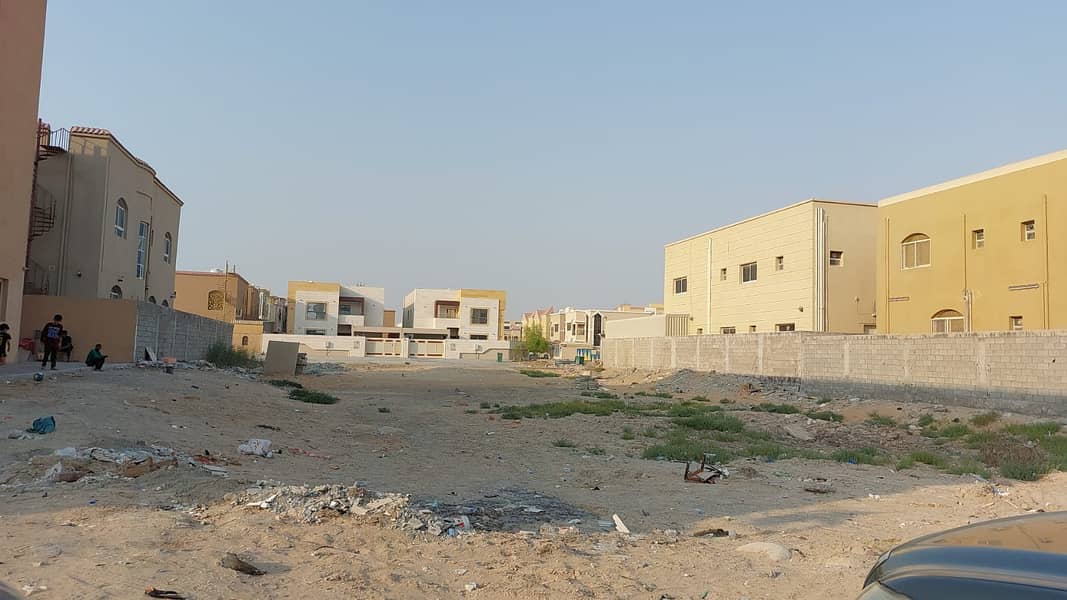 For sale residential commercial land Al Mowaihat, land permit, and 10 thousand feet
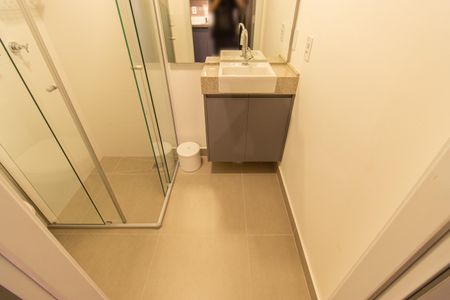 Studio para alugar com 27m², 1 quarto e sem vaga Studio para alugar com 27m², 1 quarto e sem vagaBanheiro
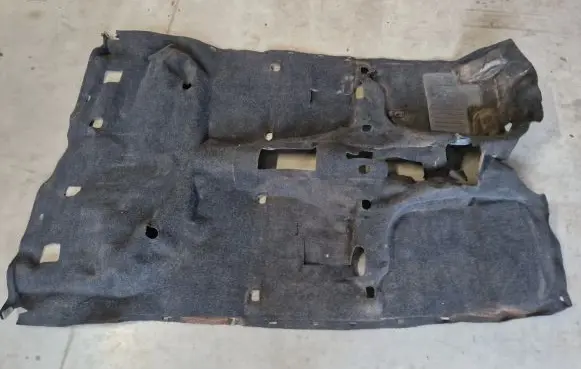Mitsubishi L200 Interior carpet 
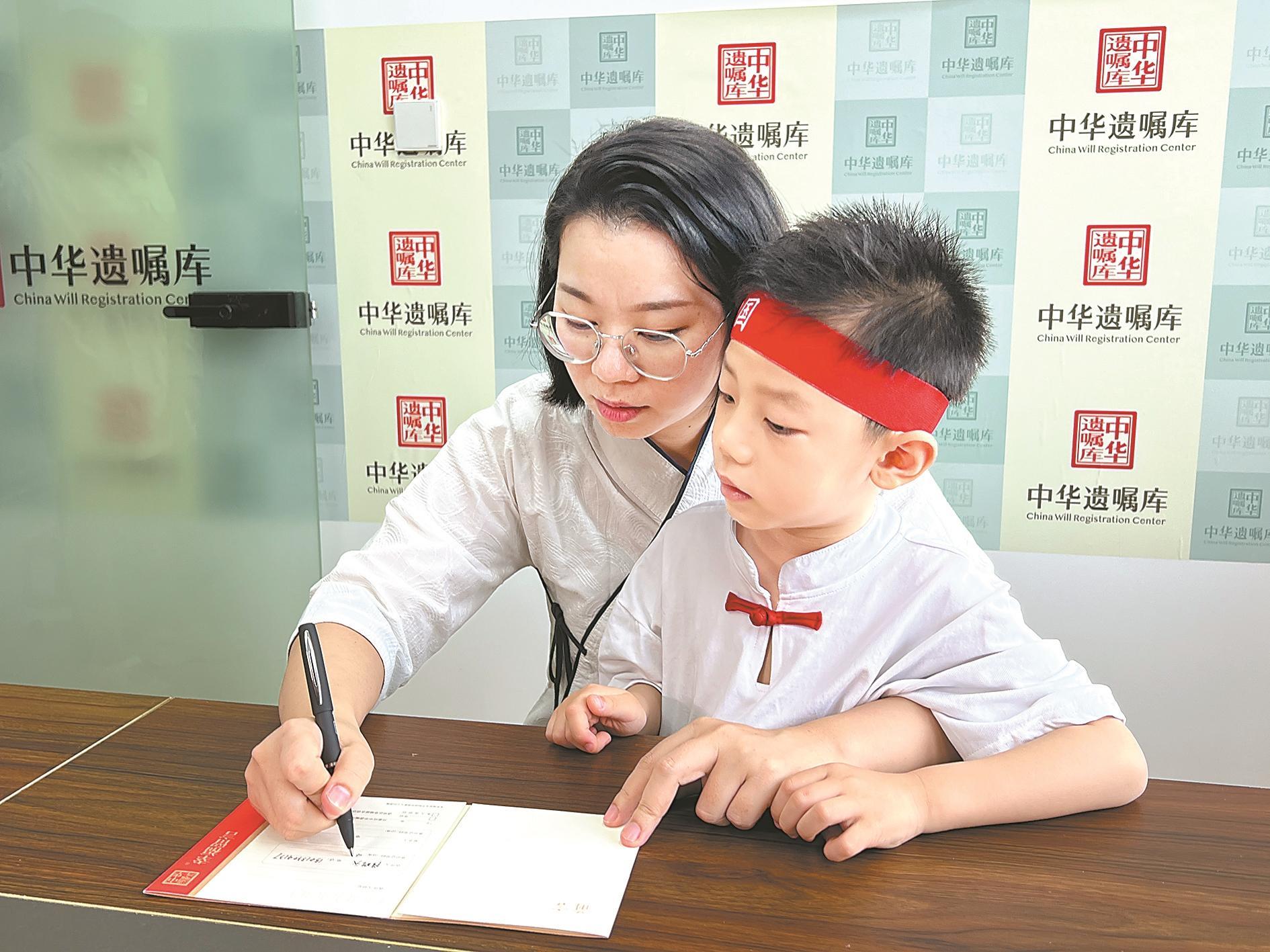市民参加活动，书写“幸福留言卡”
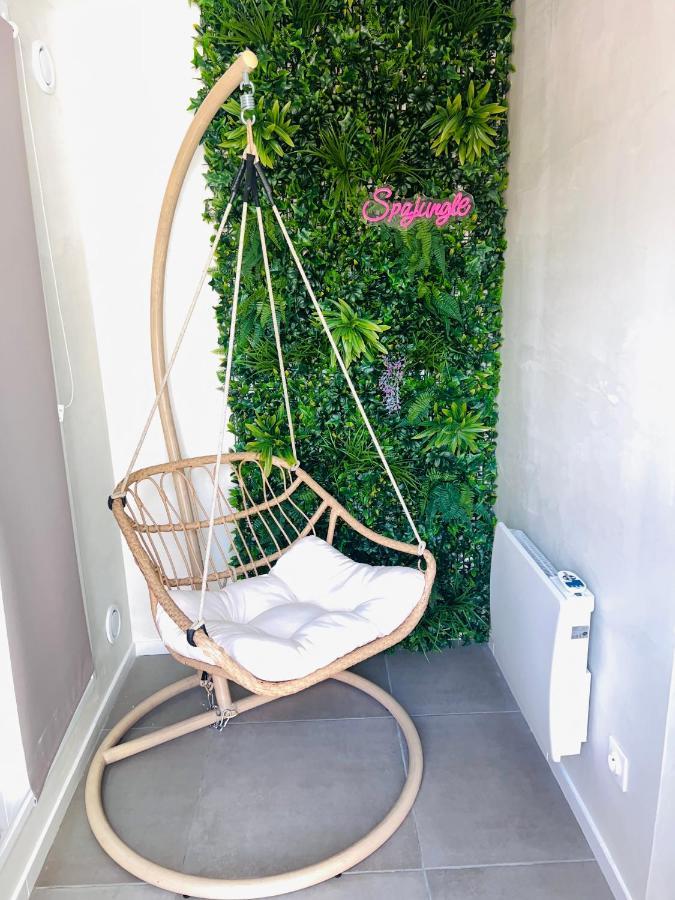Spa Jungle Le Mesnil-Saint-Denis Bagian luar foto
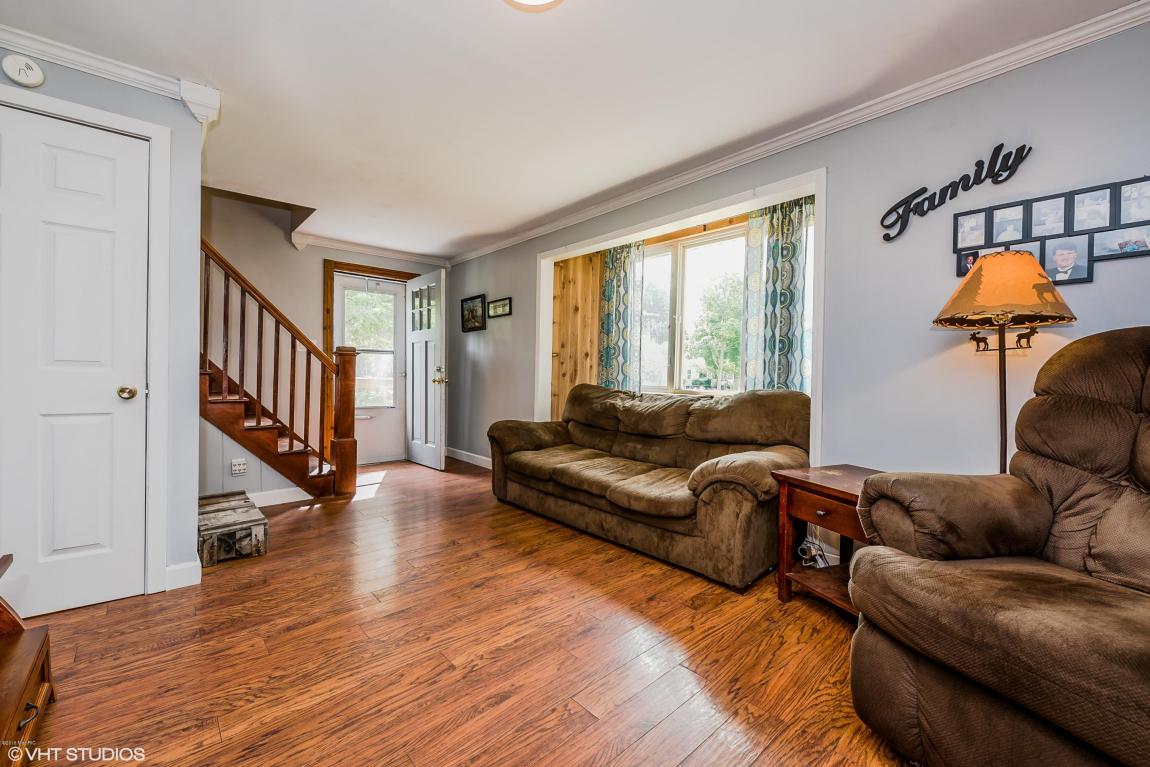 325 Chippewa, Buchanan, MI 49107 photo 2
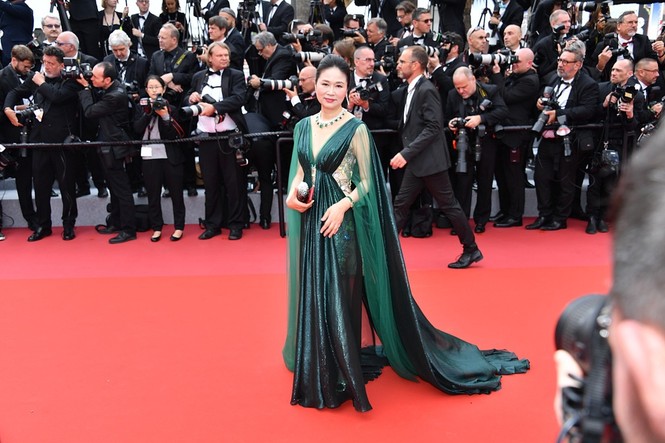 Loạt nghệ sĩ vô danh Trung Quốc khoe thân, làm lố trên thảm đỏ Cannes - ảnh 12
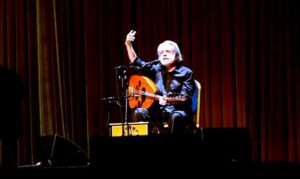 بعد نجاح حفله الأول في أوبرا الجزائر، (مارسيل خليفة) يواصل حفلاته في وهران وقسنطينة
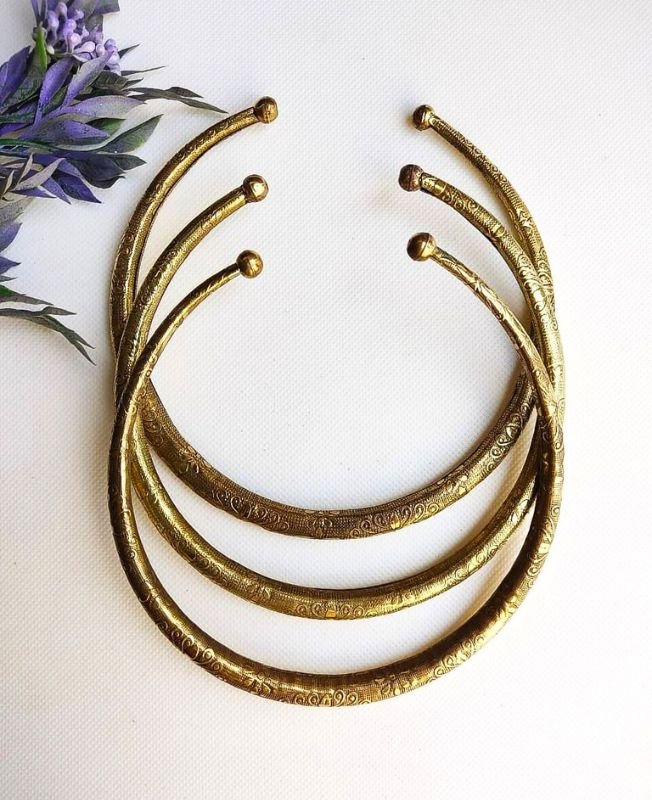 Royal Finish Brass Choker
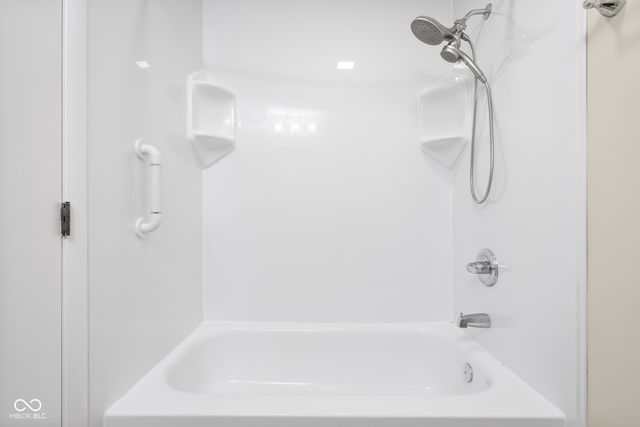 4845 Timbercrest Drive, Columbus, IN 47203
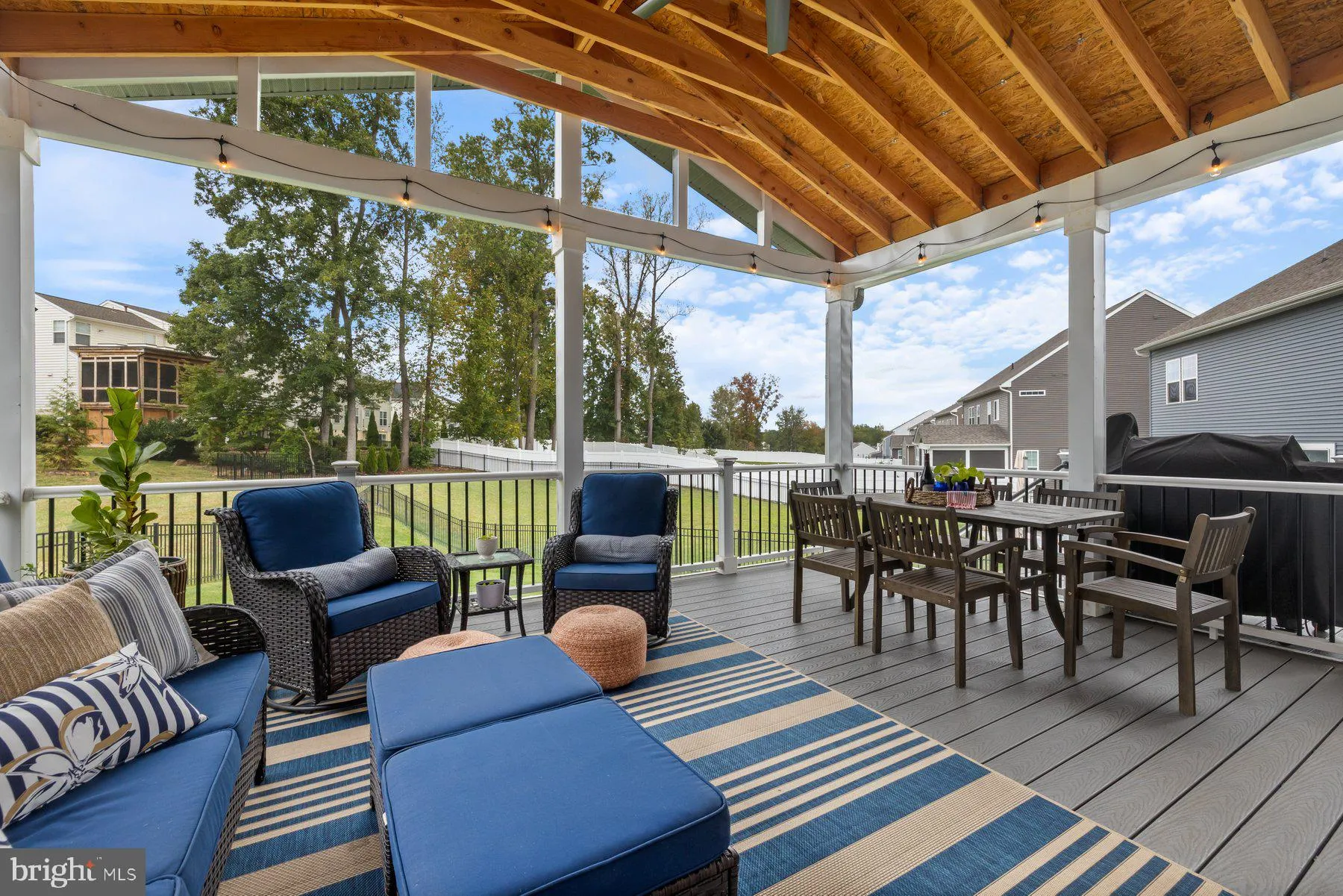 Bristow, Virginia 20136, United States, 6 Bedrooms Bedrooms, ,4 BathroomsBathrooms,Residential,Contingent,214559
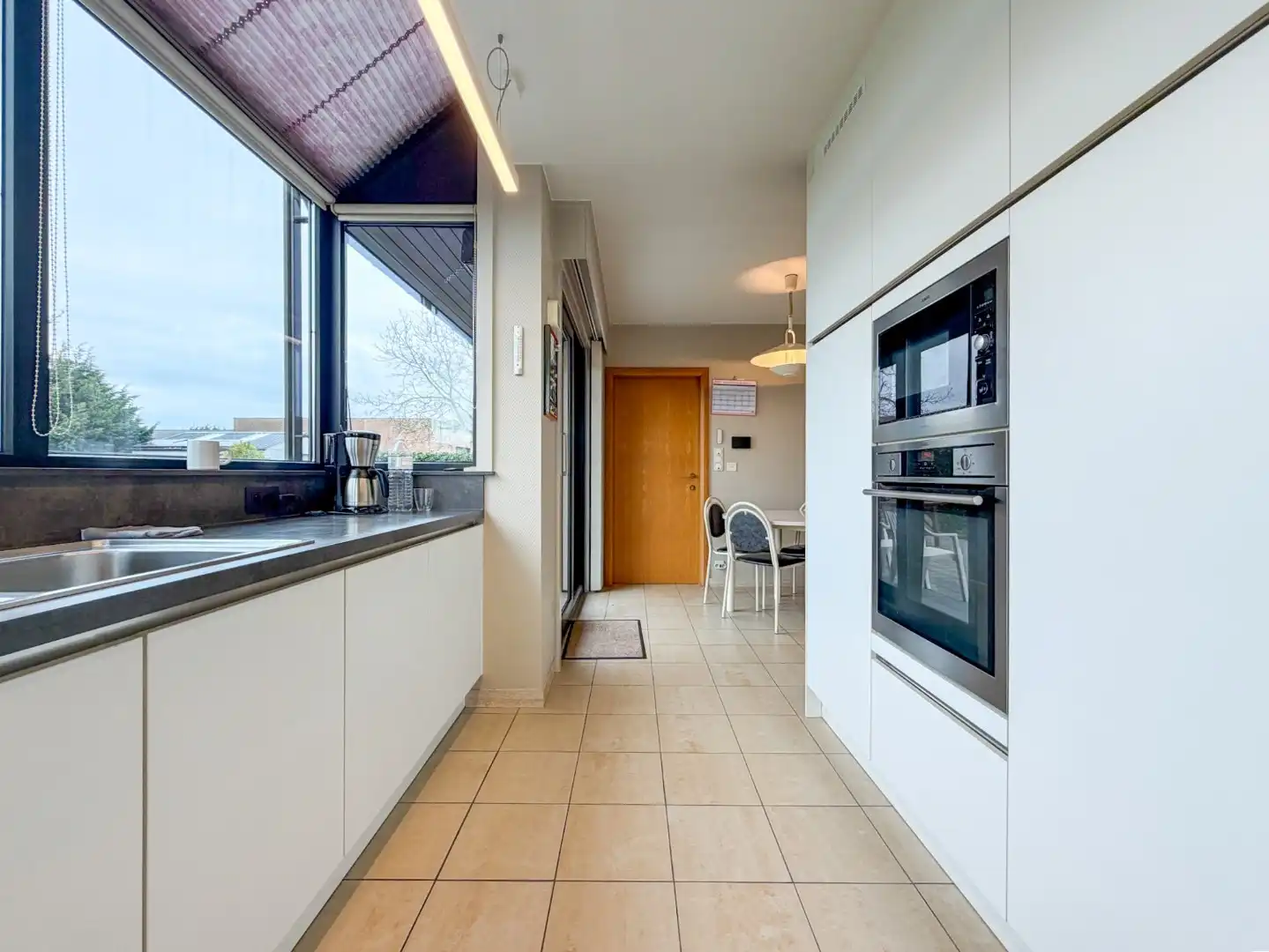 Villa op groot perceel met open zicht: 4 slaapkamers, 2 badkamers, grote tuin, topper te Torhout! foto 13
- - - -
> Exercise brief: Text only, no pictures: copy every entry exactly.

> Answer for this exercise:
 For sale residential commercial land Al Mowaihat, land permit, and 10 thousand feet
 Studio para alugar com 27m², 1 quarto e sem vaga Studio para alugar com 27m², 1 quarto e sem vagaBanheiro
Mitsubishi L200 Interior carpet 
市民参加活动，书写“幸福留言卡”
Spa Jungle Le Mesnil-Saint-Denis Bagian luar foto
 325 Chippewa, Buchanan, MI 49107 photo 2
 Loạt nghệ sĩ vô danh Trung Quốc khoe thân, làm lố trên thảm đỏ Cannes - ảnh 12
 بعد نجاح حفله الأول في أوبرا الجزائر، (مارسيل خليفة) يواصل حفلاته في وهران وقسنطينة
 Royal Finish Brass Choker
 4845 Timbercrest Drive, Columbus, IN 47203
 Bristow, Virginia 20136, United States, 6 Bedrooms Bedrooms, ,4 BathroomsBathrooms,Residential,Contingent,214559
 Villa op groot perceel met open zicht: 4 slaapkamers, 2 badkamers, grote tuin, topper te Torhout! foto 13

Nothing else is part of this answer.